There is a scene in the film ‘Revolutionary Road’ where Kate Winslett & Leonardo Di Caprio are arguing over her wish to abort their third child. This is an unwanted pregnancy they are discussing and the decision to go ahead with the child will severely hamper their future plans of relocating to Europe. The story and their marriage hinge on this move, but that’s unimportant here. In a desperate bid to make her husband understand the reasons behind her decision, she bursts out, “But I have had two children. Doesn’t that count in my favour?” You are filled with an immediate distaste when you hear a mother thinking thus; as expected her husband looks at her in disbelief. Then the accusations follow.
You follow the trajectory of this neurotic woman’s character, you sense the tragedy ready to implode within her and you fine-tune your senses to hear what she is really trying to say beyond the ‘doesn’t-that-count-in-my-favour’ question.
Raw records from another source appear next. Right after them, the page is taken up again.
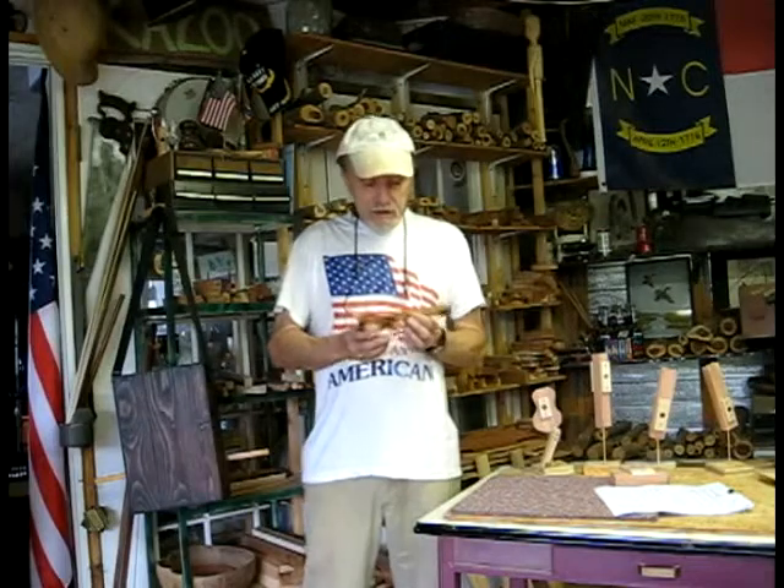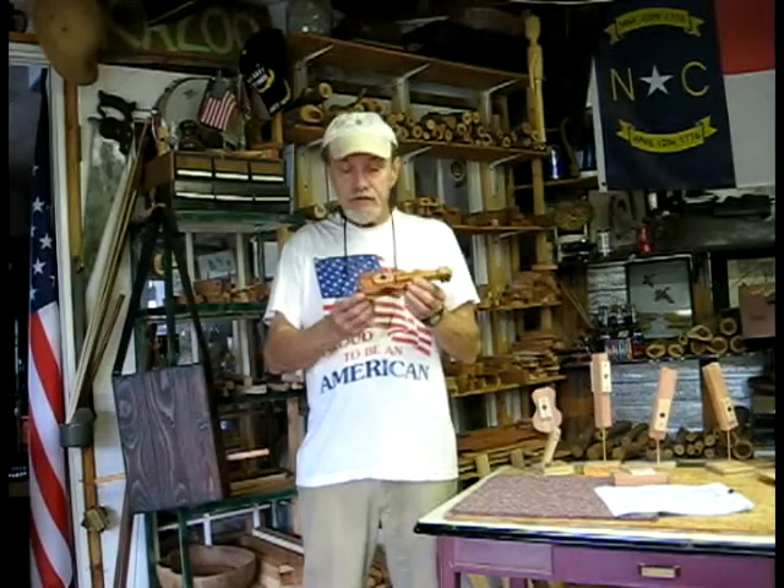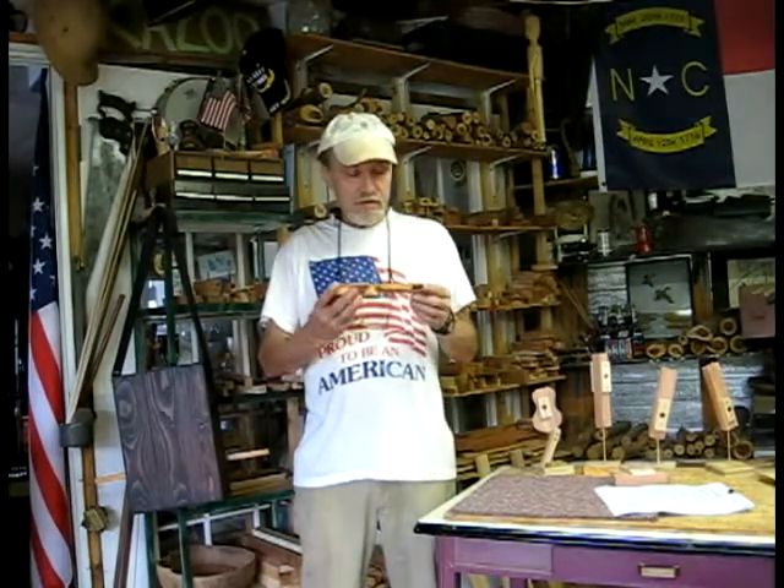Hello Shane in New Zealand. The Yuksu kazoo is finished and ready for shipping. I'm going to do the finish sound test on it now. And like you're used to with the other kazoos you got from me, we do a high-low and a power test.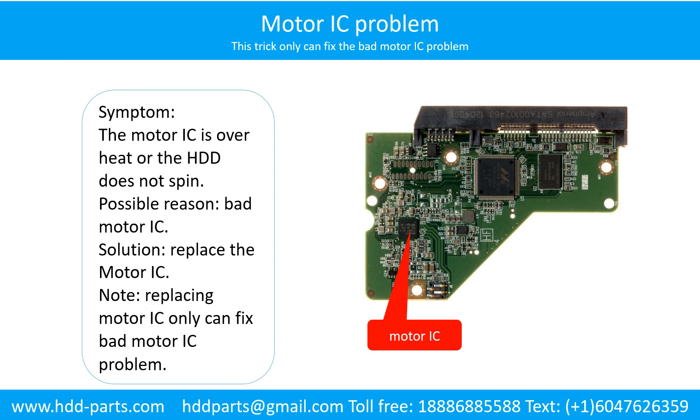Motor IC problem. Symptom: the motor IC is overheat, or the hard drive does not spin. Possible reason: the motor IC is bad. Solution: replace the motor IC. Note: replacing the motor IC only can fix the bad motor IC problem. If the hard drive PCB other part got problem, or the hard drive itself got problem, replacing the motor IC will not help.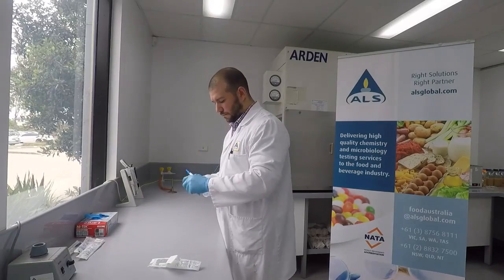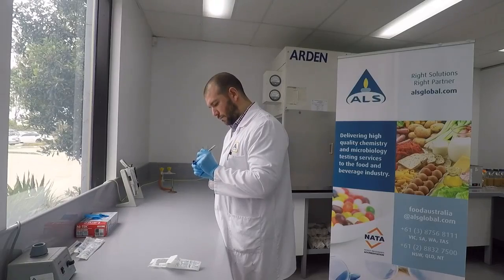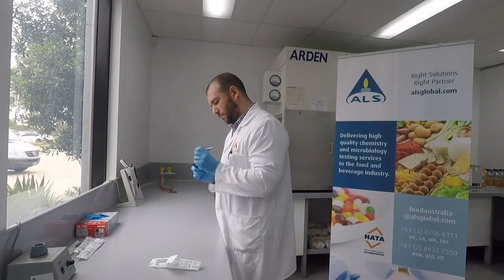Using a permanent marker, label the tube with the date, time and a unique identifier for the surface sample. Keep note of this separately for the sample submission form.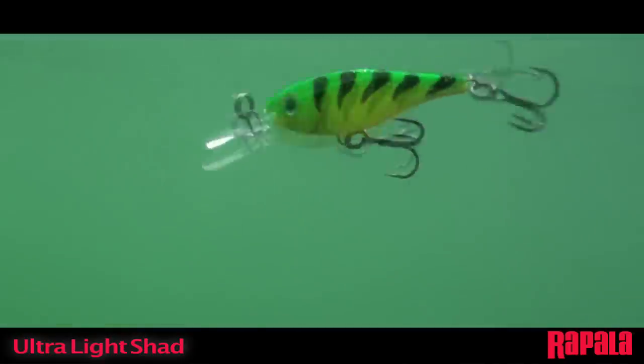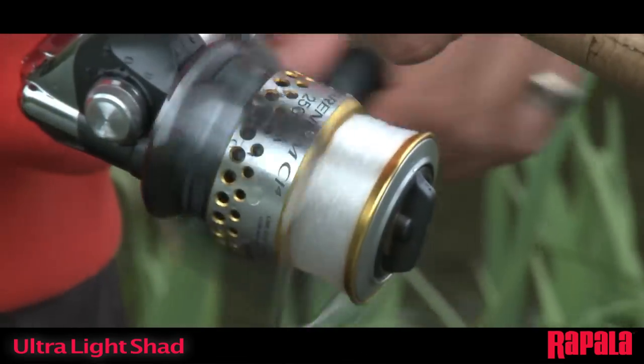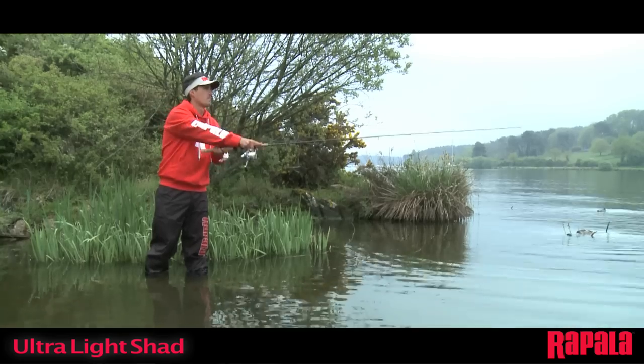The Ultralight Shad has a very tight wobbling action on a steady retrieve. The lure runs true even at high retrieve speeds and in fast flowing water when fishing rivers and streams. An excellent all around lure for a little deeper ultralight presentation.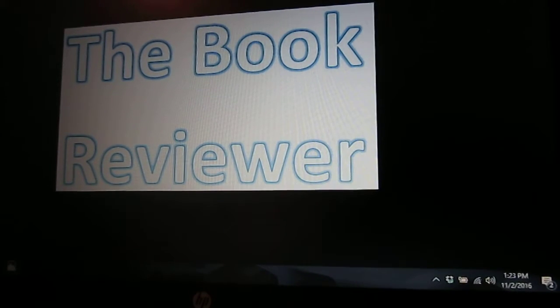Hello audience! This is your host Cindy and you are watching the Book Reviewer and I have another book review to share.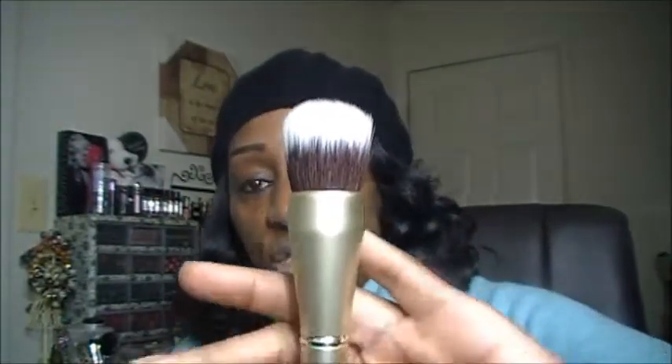The next brush that comes in this set is called the Finishing Brush. It is a dual fiber brush, great for applying liquid, cream, or dry products to your face. It reminds me a lot of one of my favorite brushes by Coastal Scents — the 518 Buffer Brush, which is my everyday brush for applying liquid foundation. So this would be an awesome buffer brush. You can apply your foundation, blush products, anything. Remember, all your brushes can have multi-uses.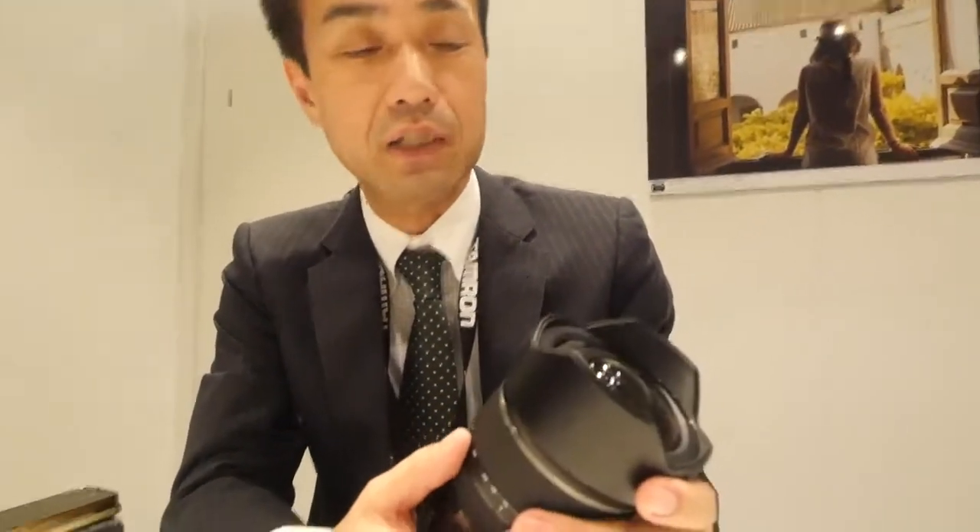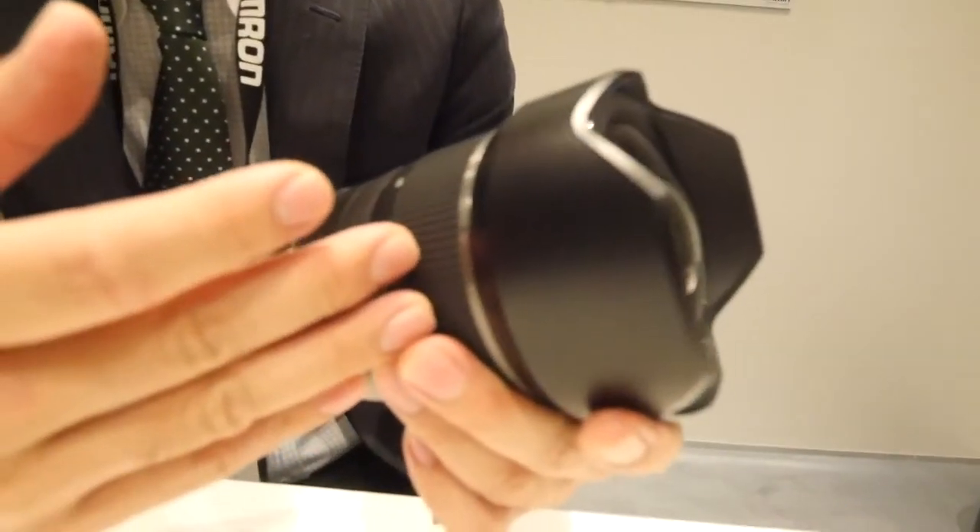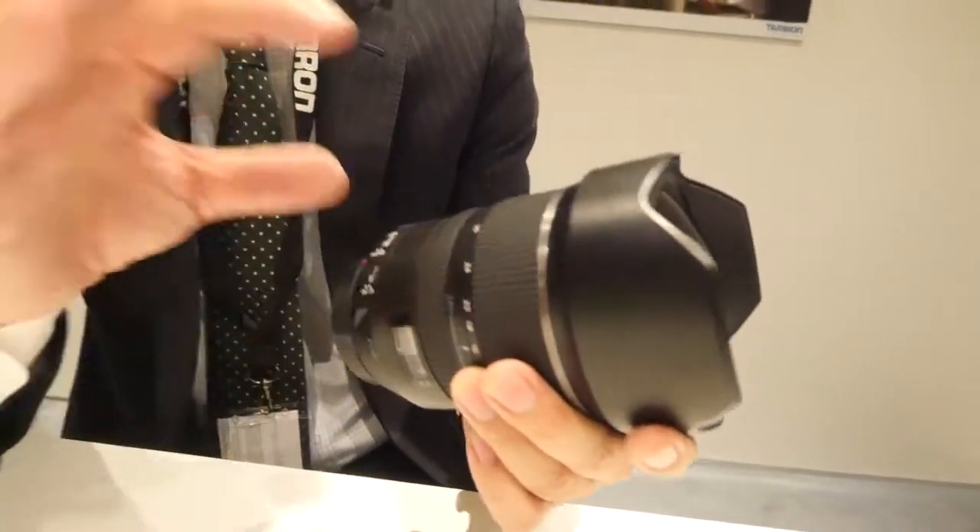One of the new technologies we have implemented is the XDM, which is a glass molded aspherical lens. Together, it can provide very nice high image quality from corner to corner.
What this woman is actually trying to do is something very simple – she is beseeching, even begging, for understanding, for empathy, from a world which has cast her in a role she is not fully willing or happy to play. She is ok with that role, she has played it for several years, but there are other roles she wants to explore. What is notable about this scene is the look of sheer despair she wears because not even the person she loves and connects with most is able to understand or accept her as she is. If that isn’t defeating, I dunno what is.
This isn’t really a feminist rant about a woman’s need to determine her own selfhood. Much has been written about all this and my writing a few feeble lines will not change anyone’s perspective. What is perhaps more imp is how intolerant, how unforgiving, we are of those who don’t confirm to the stereotypes we bear in mind. Time and time again, we exact a price for their non-conformity even when we think we don’t.
A lot of the times I write a post, I wonder how D would react were she to ever read it. I don’t know if she ever will. What I do know is, I’d like her to know and love her mother as she was. After all she is my flesh and blood, not one of the 250 friends people have on their FB lists.
I have some strict notions about motherhood, as opposed to parenthood. Parenting is a dual function, mothering is not. For me, motherhood is about putting your child ahead of your needs. Period. How many times you do this in a lifetime is immaterial. It is about taking a backseat, giving up things, so that your child can run. Once or twice, you follow your dreams; mostly you give them up. So, you say no to outstation deputations because your child is young, you refuse prestigious offers of heading departments because it will entail 13-hr workdays, you shake your head to opportunities to work with the best minds in the industry because the father is travelling and you're required at home. Thus the years fly by.
But if such giving up implies doing it with a grin and a sunny demeanour, I’ll be damned. You cannot sit back and watch opportunities fly by and turn around to admire how wonderful your child is doing at swimming. No, you can’t. And the truth is, there is nothing wrong or bloody criminal about occasionally feeling sad or disappointed. What is galling is when the world expects you to give up things and accept it with equanimity simply because you were born with a uterus. Is motherhood or womanhood a Phd course where you are tutored to annihilate your ego and selfhood to the extent that you function in society solely as the roles you can play as a mother or wife? If so, what of those women who flunk the Phd programme? What becomes of these perennial outsiders? Is there any hope of redemption or empathy for them?